De todo ello resultó un modelo de sintaxis narrativa que ofrece, sin duda, la ventaja de prestarse fácilmente a una cierta formalización, cuyo alcance, en contrapartida, se halla estrechamente limitado por una serie de restricciones a priori. En la base de esa gramática, se encuentra la hipótesis de que todas las fluctuaciones de estado que afectan a los sujetos dependen únicamente de las operaciones de junción que los ponen en posesión de los objetos de valor (conjunción) o que los separan y los privan de ellos (disjunción). Tal modelo se justifica plenamente mientras se razona teniendo en cuenta un espacio de referencia concebido como cerrado y saturado, dentro del cual todo lo que un protagonista pierde, otro debe necesariamente ganarlo. En un contexto como ese, se comprende que un sujeto pueda ponerse por meta esencial, si no única, conjuntarse con los objetos de sus deseos, o hacérselos atribuir transitivamente por otro, y que, correlativamente, los estados, eufóricos o disfóricos, de los sujetos en presencia dependan únicamente, a cada instante, del resultado de las operaciones de transferencia de los objetos de valor: apropiaciones o atribuciones, privaciones o desposesiones. Y poco importa en tales casos que esos estados concuerden entre sí, como ocurre, por ejemplo, cuando sobre una base contractual o con espíritu “altruista”, la satisfacción de uno de los participantes presupone la satisfacción del otro, o que, por el contrario, vayan en direcciones opuestas, como cuando la felicidad de uno es suficiente para provocar la desdicha del otro, envidioso o malévolo.

Todo esto corresponde sin duda a una manera concebible de “interactuar”. Atraer a sí, tomar, apropiarse de las riquezas, y con ello, aunque no sea el objetivo primero de la operación, privar a un compañero o a un rival de esas mismas riquezas, o en sentido inverso, alejar de sí algún objeto aun deseable, separarse de él, eventualmente privarse de él, para intercambiarlo por otro, o con el único fin de beneficiar “generosamente” a algún feliz elegido. Y todo constituye incontestablemente una manera de actuar sobre otro. Pero el hecho de privilegiar, en teoría como en el análisis, los desplazamientos o transferencias de objetos de valor, especialmente de orden pragmático, hasta el punto de considerar las variaciones que afectan los estados respectivos de los protagonistas y hasta la naturaleza de sus relaciones como exclusivamente y, por decirlo así, mecánicamente dependientes de la posición que ocupan en relación con ellos ciertos valores objetivados, no puede menos que suscitar algunas implicaciones en el plano epistemológico.

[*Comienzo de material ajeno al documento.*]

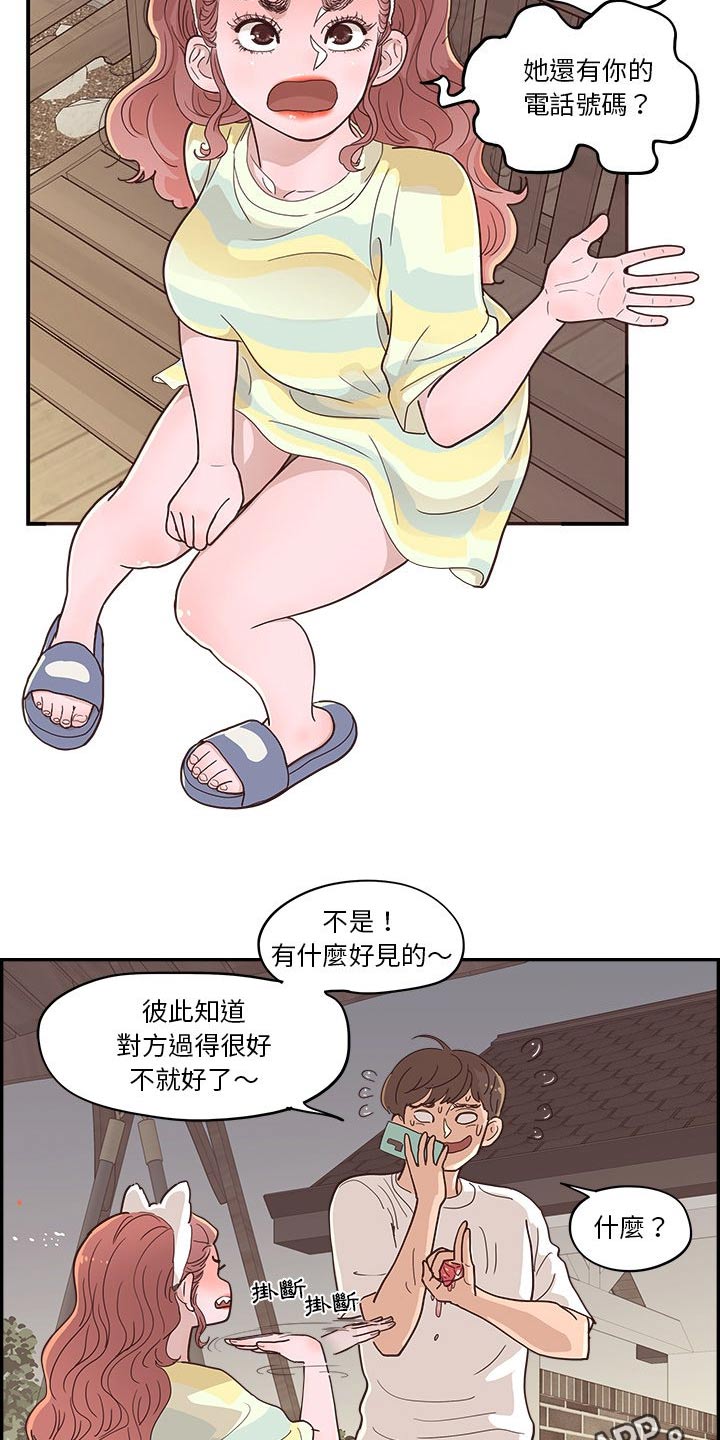 第56章：不同意19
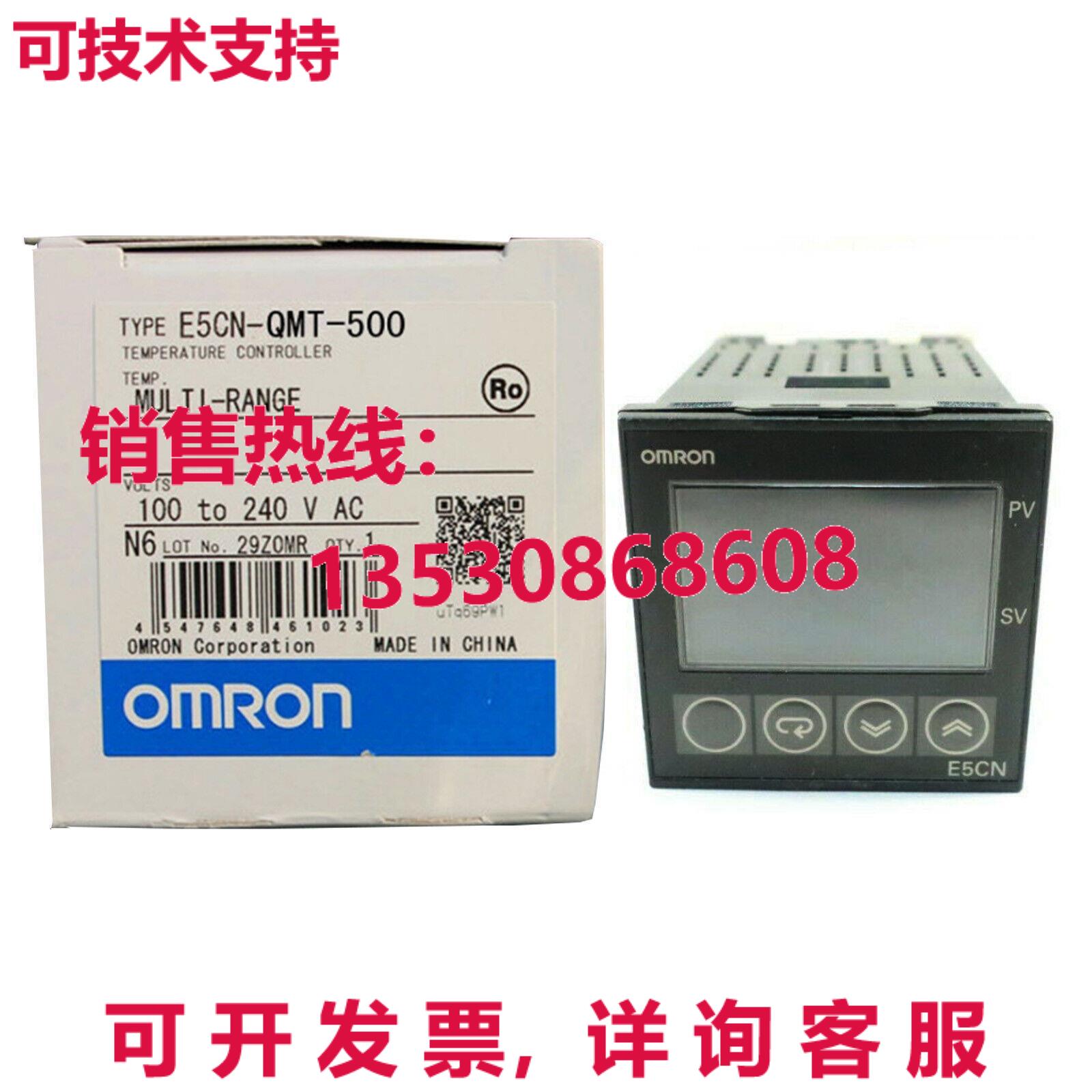 原装供应E5CN-QMT-500 温度控制器,100-240V 多输入 1/16 DIN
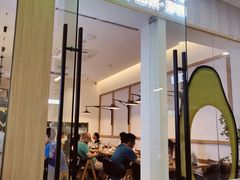 -牛油果大师寿司(瑞景店)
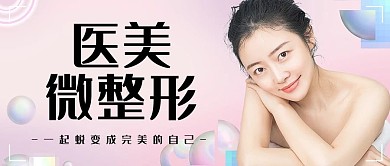 医美摄影风粉色公众号首图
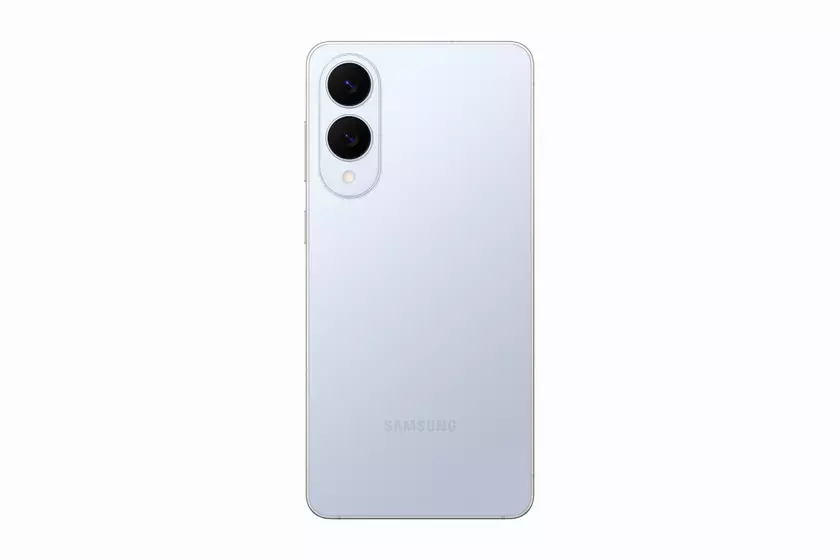 Новый Galaxy S25 Edge: какие отличия от мощного Galaxy S25 Ultra?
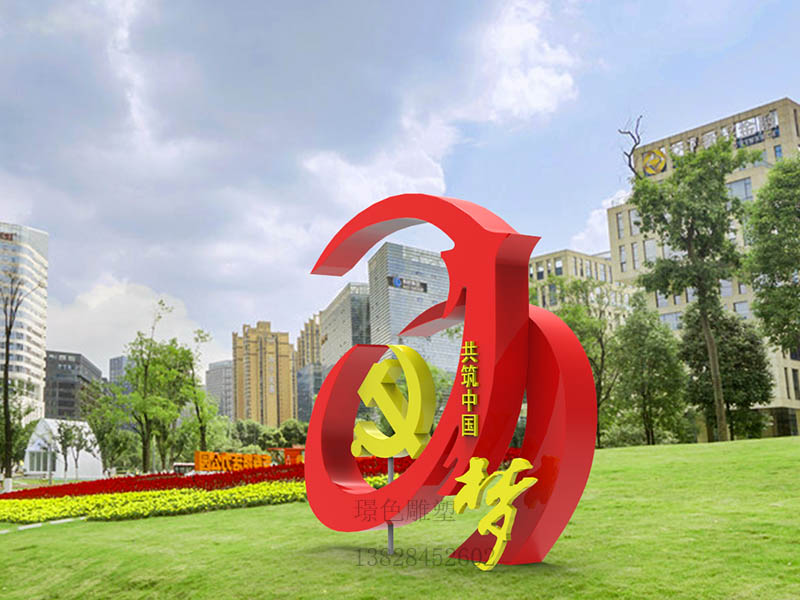 黨建文化標(biāo)識(shí)牌新時(shí)代文明雕塑美麗鄉(xiāng)村宣傳欄(圖1) 黨建文化標(biāo)識(shí)牌新時(shí)代文明雕塑美麗鄉(xiāng)村宣傳欄(圖1)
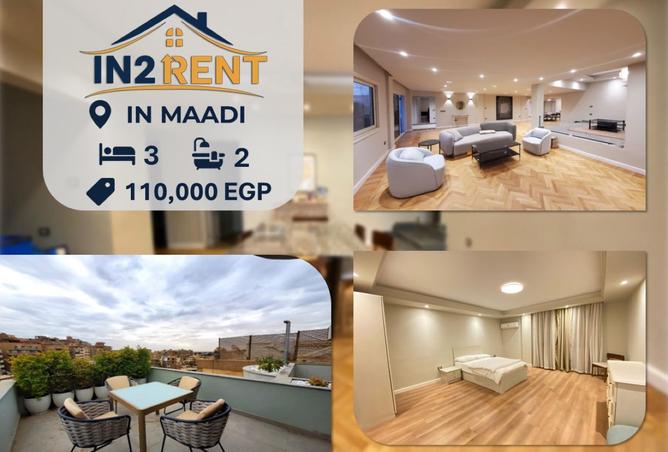 8469982 - الصورة الرئيسية للعقار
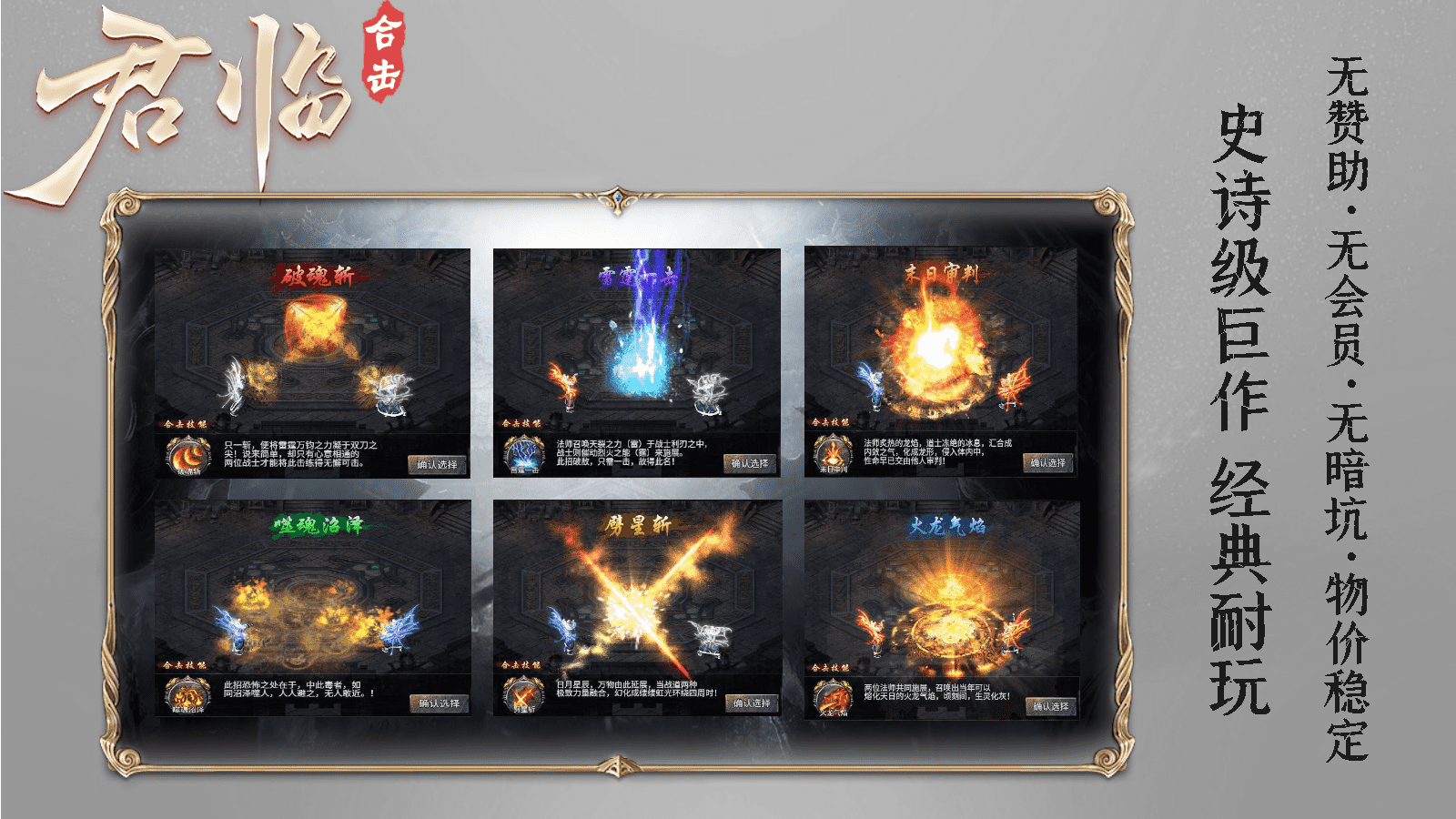君临合击180(2)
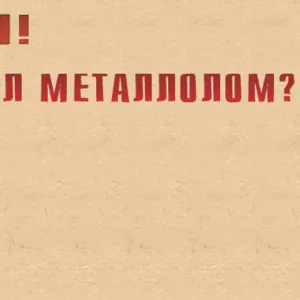 Прием металла,  черного лома,  металлолома, лома,  ДОРОГО.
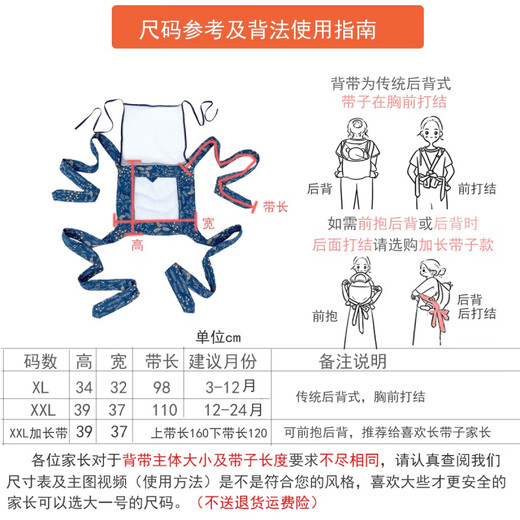 旌梦园纯棉广东传统婴儿背带四爪后背纯棉男女宝宝哄睡神器老式背巾 XL码黑白格 后背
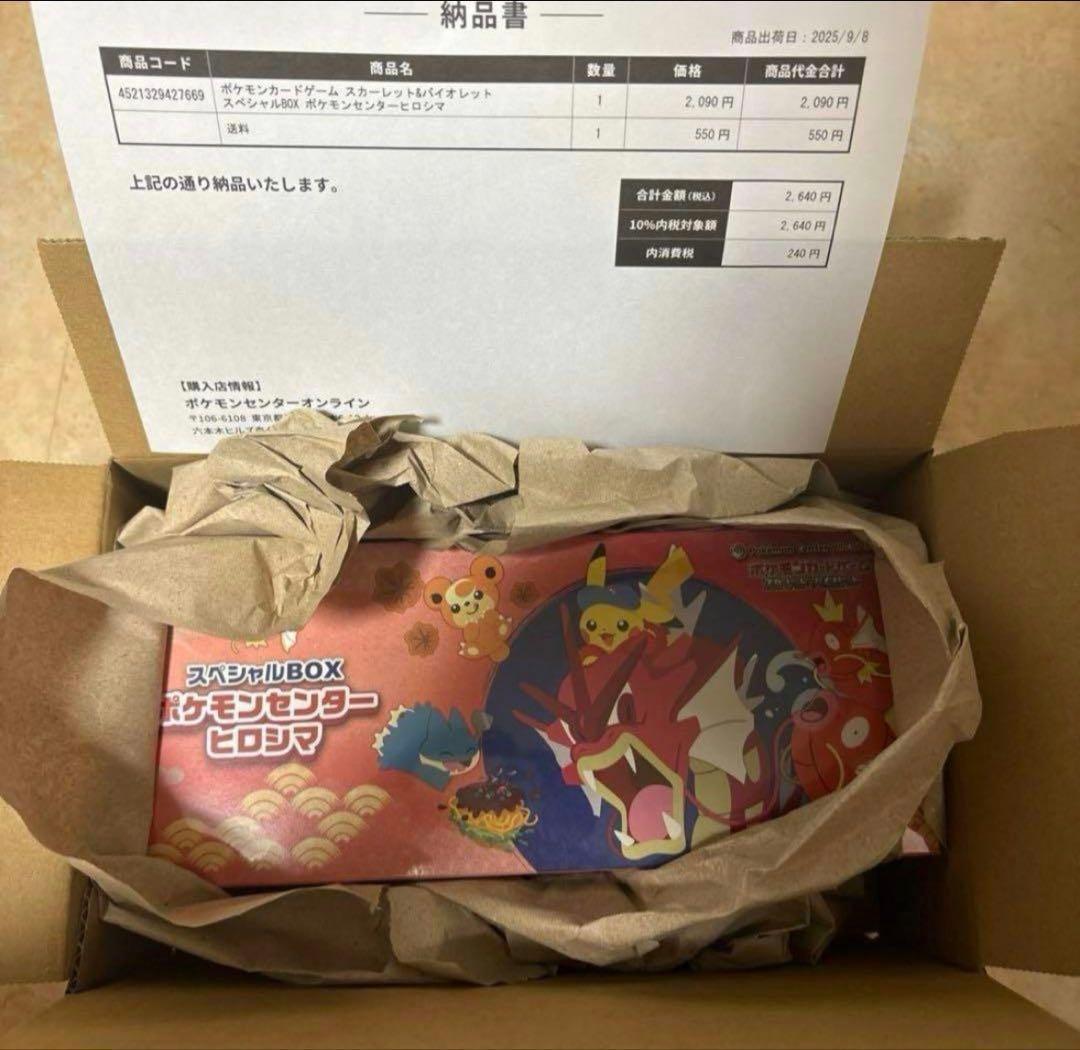 スペシャルボックス ヒロシマ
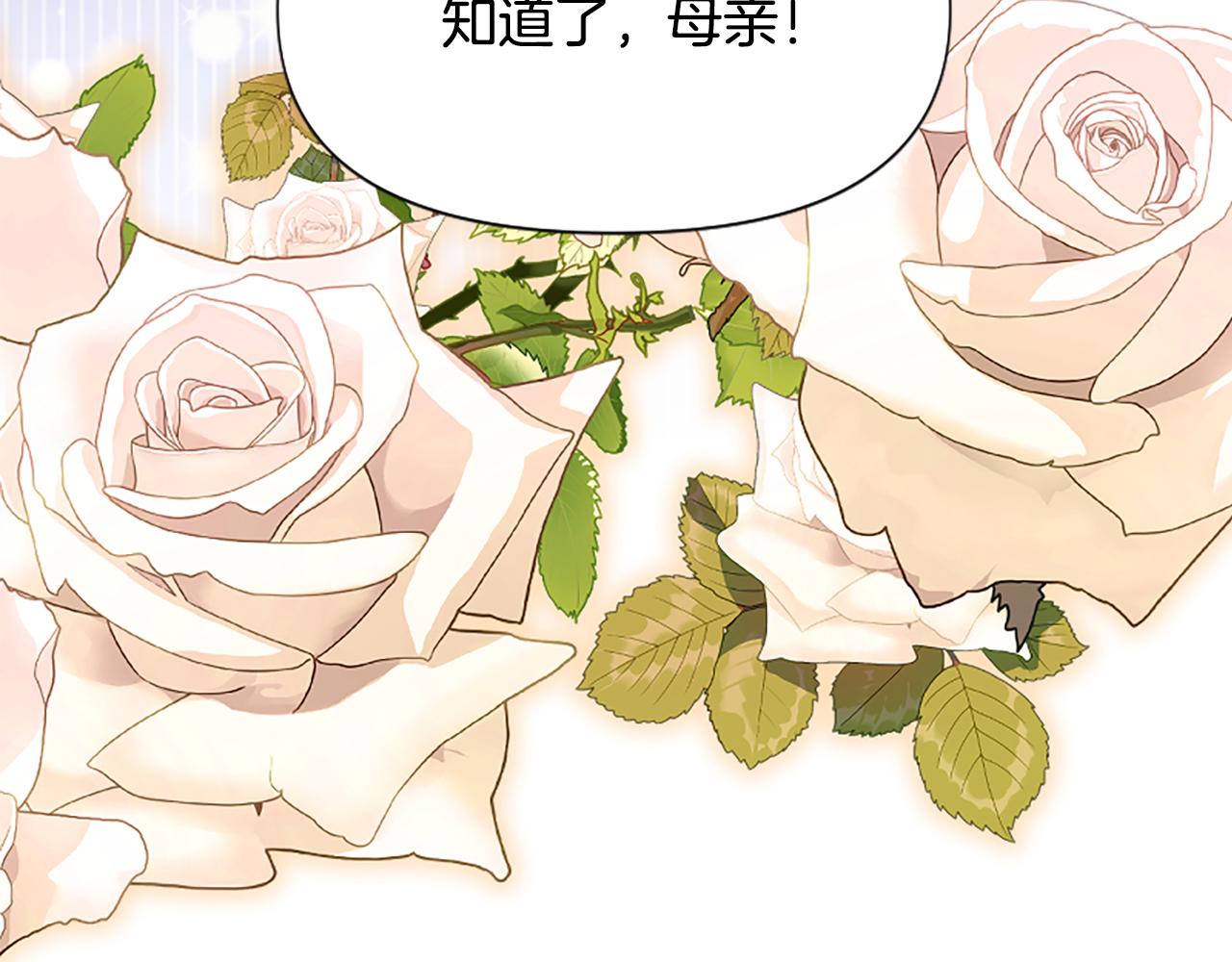 爲什麼對惡女執着 - 第35話 繼續維持婚姻？(2/6) - 1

Lo que implica esa concepción de una intersubjetividad sistemáticamente mediatizada por los objetos, podemos resumirlo en una palabra diciendo que la gramática narrativa, tal como ha sido presentada en su forma clásica, se reduce a una economía de intercambios intersubjetivos. Desde el material “tener más” hasta el “saber más” abstracto, todo termina por monetizarse en forma de valores, unos atesorables o consumibles, otros modales, y, en tal sentido, con vocación de transitar entre poseedores, actuales o virtuales, como mercancías que, por definición, están siempre a la espera de algún nuevo adquiridor. De ahí que, a veces, nos encontremos con un género de descripciones particularmente artificiosas. Todo el mundo ha podido constatar, en efecto, a qué aberraciones puede conducir, en algunos analistas (¡y no únicamente los más novatos!), el gusto por la “formalización”, cueste lo que cueste, aliado a una posición previa y sistemática hacia la reificación de todos los valores: hablando con total serenidad, por ejemplo, de sujetos “conjuntos con la felicidad” o “disjuntos de la libertad”, como si la libertad o la felicidad pudieran ser consideradas como cosas que, al modo de cualquier mercancía, tuviesen el estatuto de unidades discretas, mensurables y transferibles entre vendedores y compradores. De hecho, es la noción misma de junción, y especialmente la de conjunción, la que reclama un análisis conceptual más fino que el que se ha hecho hasta ahora. ¿Cuál es exactamente la naturaleza de la relación que se establece entre sujeto y objeto en el momento de su “conjunción”?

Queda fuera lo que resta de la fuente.